En effet, le RGPD a pour objectif d’uniformiser et de renforcer la règlementation relative à l’utilisation des données personnelles des professionnels dans l’ensemble des pays européens. Son article 5.1 précise que les données personnelles doivent être traitées de manière licite, loyale et transparente, collectées à des fins déterminés, explicites et légitimes), adéquates, pertinentes et limitées, exactes et tenues à jour, conservées pendant une durée raisonnable et enfin, traitées de façon à garantir leur protection. 

En termes de BYOD, le respect du RGPD participera à la protection efficace de la vie privée des salariés, puisque le salarié devra être informé au préalable du traitement de ses données personnelles. En effet, l’utilisation d’un dispositif de BYOD implique que l’employeur puisse accéder au contenu professionnel stocké dans le terminal personnel du salarié, ce contenu intégrant des données personnelles.

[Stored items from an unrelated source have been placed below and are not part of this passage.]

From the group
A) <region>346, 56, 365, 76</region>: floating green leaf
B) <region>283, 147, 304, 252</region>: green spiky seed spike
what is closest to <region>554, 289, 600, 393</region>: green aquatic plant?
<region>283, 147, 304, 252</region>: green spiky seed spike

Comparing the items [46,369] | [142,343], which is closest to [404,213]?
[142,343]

Surtout, l’employeur peut également accéder à certains contenus relevant de la vie privée du salarié dans le cadre de la gestion du BYOD.

L’obligation de se conformer au RGPD va contraindre l’employeur à définir et communiquer au salarié les données personnelles auxquelles il pourra avoir accès dans ce cadre.  L’employeur devra limiter cet accès aux seuls éléments nécessaires au traitement et à la gestion du BYOD en s’interrogeant en amont sur la finalité de chaque donnée collectée afin qu’elles répondent aux critères du RGPD.

Compte tenu des contraintes et des risques en matière de sécurité que représente la mise en œuvre d’un dispositif de BYOD, cette pratique devrait rester en général complémentaire aux flottes de matériels d’entreprise fournis aux salariés. Néanmoins, eu égard à sa praticité, le dispositif du BYOD ne devrait pas être négligé par les employeurs et s’adressera essentiellement aux salariés volontaires. Les politiques et chartes de l’entreprise devront tenir compte de cette allocation entre outils professionnels et privés et être adaptées en conséquence. A l’aune d’une époque où les données personnelles contenues dans les systèmes d’information des entreprises sont un enjeu majeur du développement de celles-ci, les outils juridiques RH devront faire preuve de conformité et clarté sous peine de voir les entreprises perdre le contrôle de leurs données.   

 

(1) BYOD : quelles sont les bonnes pratiques ?, Cnil.

(2) BYOD : quelles sont les bonnes pratiques ?, Cnil.

(3) "Travailleurs connectés : les effets pervers du BYOD", Sécurité et conditions de travail, Editions Législatives, 14 août 2014.